India urges Mozambique to fast track release of tur export consignments
File photo / Beira port
The competitiveness of Mozambican ports does not depend solely on the Transport Ministry, but on a range of other ministries and institutions, Transport Minister Carlos Mesquita told reporters on Wednesday.
Speaking in the southern resort of Bilene, where a meeting of the Coordinating Council of his ministry is under way, Mesquita said that making the ports competitive involves a series of factors that have to be dealt with in an integrated fashion by various ministries.
It was not solely a matter for the Transport Ministry, he stressed, but involved the Ministry of Economy and Finance, through the customs service, the Ministry of the Interior, the shipping agencies and other institutions. However, he believed the country is moving in the right direction, so that the ports are gaining in competitiveness.

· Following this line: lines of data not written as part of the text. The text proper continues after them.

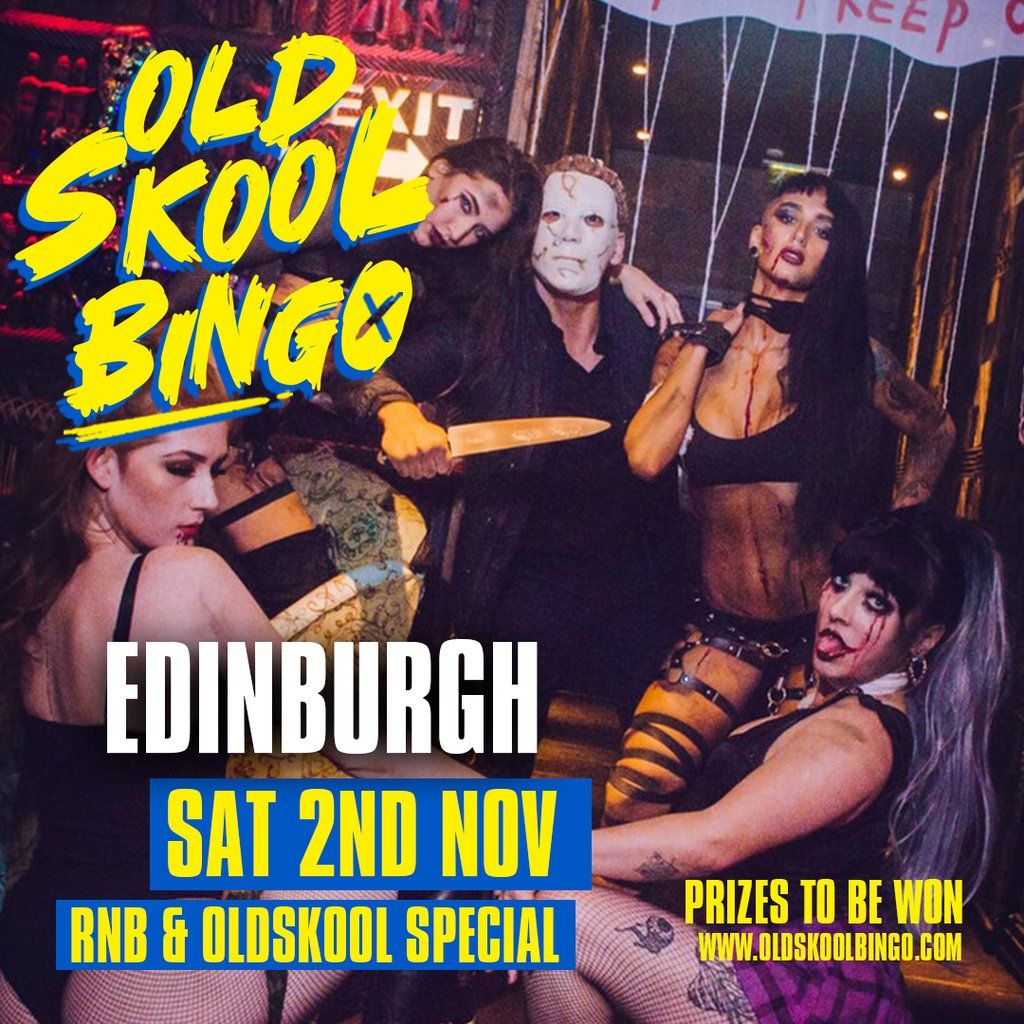 Old Skool Bingo Edinburgh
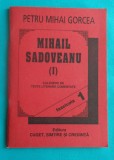 Petru Mihai Gorcea &ndash; Mihail Sadoveanu ( texte literare comentate Baltagul etc)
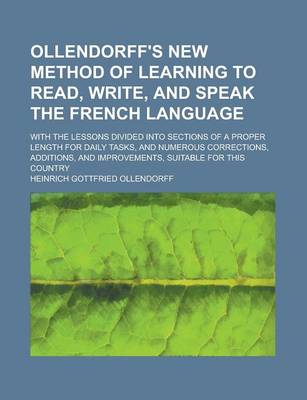 Book cover for Ollendorff's New Method of Learning to Read, Write, and Speak the French Language; With the Lessons Divided Into Sections of a Proper Length for Daily Tasks, and Numerous Corrections, Additions, and Improvements, Suitable for This Country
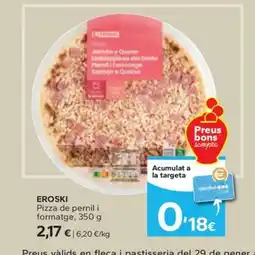 Caprabo EROSKI Pizza de pernil i formatge oferta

As for the project to build a deep water mineral port at Techobanine, in the southernmost district of Matutuine, Mesquita said the viability study has been concluded and negotiations are continuing with Botswana and Zimbabwe, and now also involve South Africa.
The main purpose of such a port would be to export coal from Botswana. A new railway would be needed from Botswana to Techobanine, running through Zimbabwe.
Asked what measures are being taken to deal with the problems of urban passenger transport, Mesquita was confident that a sustainable solution will soon be found. He said his Ministry has been discussing the situation with the Mozambican Road Transport Federation (FEMATRO) and other private partners interested in acquiring new buses.
“We want to attack the problem in a structural form”, he said, “and reach a sustainable solution. The acquisition of new buses is part of this process”.
He favoured an increase in fares, and the Minister must certainly be aware of the proposal from Maputo City Council to raise the fares charged by the private minibuses known as “chapas” from seven meticais (11.5 US cents) to 12 meticais for short distances (up to ten kilometres) and from nine to 15 meticais for longer journeys.
He believed that raising the fares would end the illegal practice of chapa owners shortening their routes, thus forcing passengers to take two buses rather than one. “By adjusting the fares, we want to bring improvements”, Mesquita said.
Under an agreement recently signed between the Transport Ministry and FEMATRO, 300 new buses are being imported which will be allocated to private companies in order to strengthen passenger services in the main urban centres.